AI Governance Is a Board-Level Issue — Not an IT Problem
The Scenario No Board Wants to Face
An OSFI examiner is reviewing your bank’s AI-enabled fraud detection model, one that has been influencing payment holds, card declines, and account-review decisions for two years. The model has improved loss prevention, but its false-positive patterns have begun to affect certain customer segments and channels in ways that raise model risk, operational resilience, conduct, and accountability questions. The examiner asks the board chair what governance was in place when the model was approved.
The chair defers to the Chief Information Officer. The CIO defers to fraud operations and model risk. Fraud operations has performance dashboards. Model risk has documentation. But the board never saw a consolidated view of the model’s materiality, customer impact, risk appetite, escalation thresholds, or accountability structure.
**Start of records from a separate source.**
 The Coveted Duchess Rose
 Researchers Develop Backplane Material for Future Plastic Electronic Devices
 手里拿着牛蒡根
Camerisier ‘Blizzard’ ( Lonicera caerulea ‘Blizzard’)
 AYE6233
That conversation is becoming more likely. The question is whether the institution has it proactively, through board-level AI governance, or reactively, during supervisory review. Fraud detection is listed by OSFI/FCAC as one of the top AI use cases at financial institutions, and OSFI’s 2026–2027 Annual Risk Outlook says it will continue assessing AI implications on fraud, model, cyber, money laundering, and third-party risks.
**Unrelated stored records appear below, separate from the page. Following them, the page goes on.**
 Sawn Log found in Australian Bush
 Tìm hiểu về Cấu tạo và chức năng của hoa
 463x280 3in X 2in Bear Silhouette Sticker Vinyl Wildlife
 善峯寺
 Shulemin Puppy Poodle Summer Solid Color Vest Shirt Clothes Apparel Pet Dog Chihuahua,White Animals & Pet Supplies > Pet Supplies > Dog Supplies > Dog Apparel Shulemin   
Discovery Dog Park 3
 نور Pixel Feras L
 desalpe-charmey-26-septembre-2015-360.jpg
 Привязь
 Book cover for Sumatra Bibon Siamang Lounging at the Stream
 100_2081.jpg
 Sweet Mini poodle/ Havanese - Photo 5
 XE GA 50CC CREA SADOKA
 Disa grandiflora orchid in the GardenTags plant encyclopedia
Three Converging Signals Make 2026 the Inflection Point
Canadian financial institutions have been adopting AI for years. According to a September 2024 joint assessment by OSFI and FCAC1, AI use among federally regulated financial institutions grew from approximately 30% in 2019 to 50% in 2023, with 70% expected by 2026. What has not kept pace is governance.
What makes today different is that regulators are no longer issuing principles and waiting. OSFI Guideline B-132 is already in force. It is not an AI-specific guideline, but it sets expectations for technology and cyber risk governance, accountability, risk appetite, resilience, architecture, incident management, and the management of emerging threats and technologies. Those expectations become highly relevant when AI is embedded in business processes, customer decisioning, fraud detection, or operational resilience.
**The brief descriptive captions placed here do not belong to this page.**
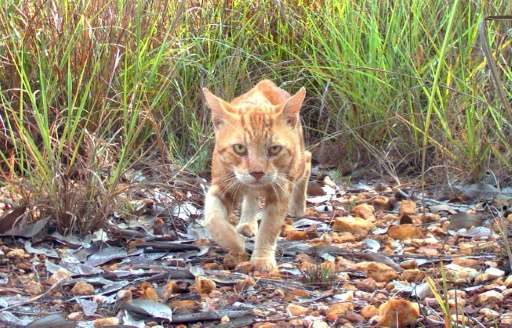 Australian plans to cull two million feral cats, like this one in the Northern Territory, have been criticised by Brigitte Bardo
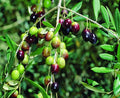 Arabic Olive Imported Self Pollinating Plant
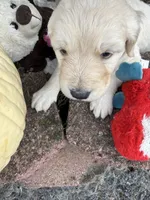Nipper, a male Goldendoodle for sale in Virginia, VA – 1 of 10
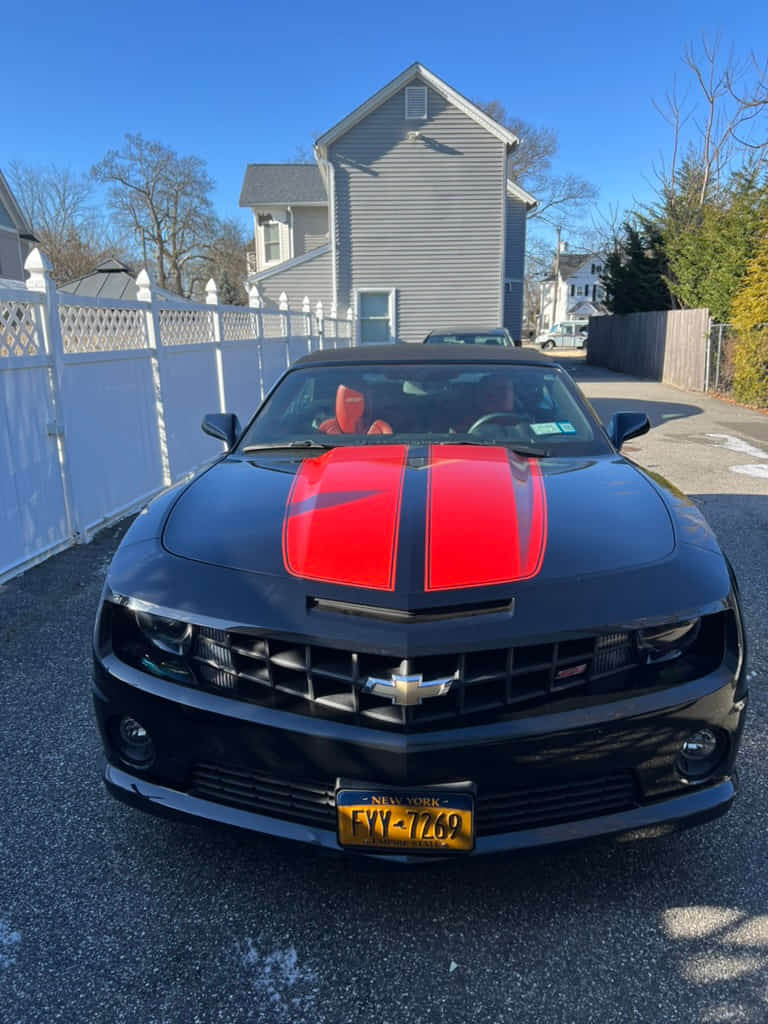 Car Preview
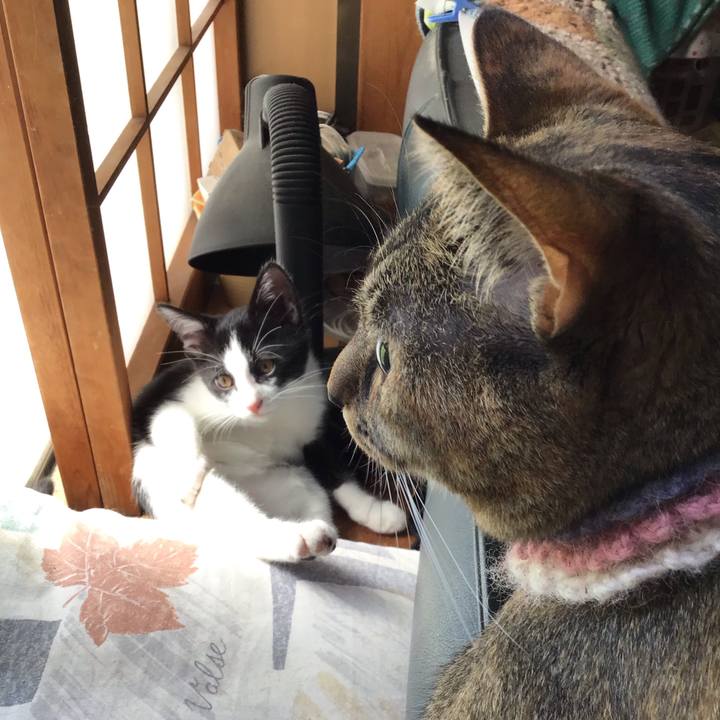 50075e20 e04b 42fe b8b2 183659c503e3 1626570677518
OSFI Guideline E-233, the updated Model Risk Management guideline effective May 1, 2027, goes further. It explicitly brings AI and machine learning into the model-risk perimeter and places responsibility on senior management to define enterprise-wide model risk accountabilities, ensure qualified personnel for novel technologies such as AI, and ensure appropriate model risk reporting to the board. That makes board-level visibility and challenge unavoidable, even if management owns execution.
OSFI has also moved accountability higher on the agenda through its January 2026 consultation on a proposed Senior Leader Regime. The proposal covers board members and senior management and emphasizes responsibility mapping, effective oversight, and answerability for decisions, conduct, and outcomes. In parallel, OSFI’s 2026–2027 Annual Risk Outlook confirms that AI remains part of its supervisory attention, including its implications for model, cyber, fraud, money laundering, and third-party risks4.
The Governance Gap Most Institutions Are Carrying
The structural problem at most Canadian financial institutions is not a lack of governance effort. It is a misalignment of where that effort sits.
AI governance today typically lives one to three levels below the board: in technology risk, model risk management, or second-line compliance. These functions do important work. But when AI is influencing credit decisions, insurance underwriting, fraud detection, and customer interaction at scale, oversight cannot stop at the VP level.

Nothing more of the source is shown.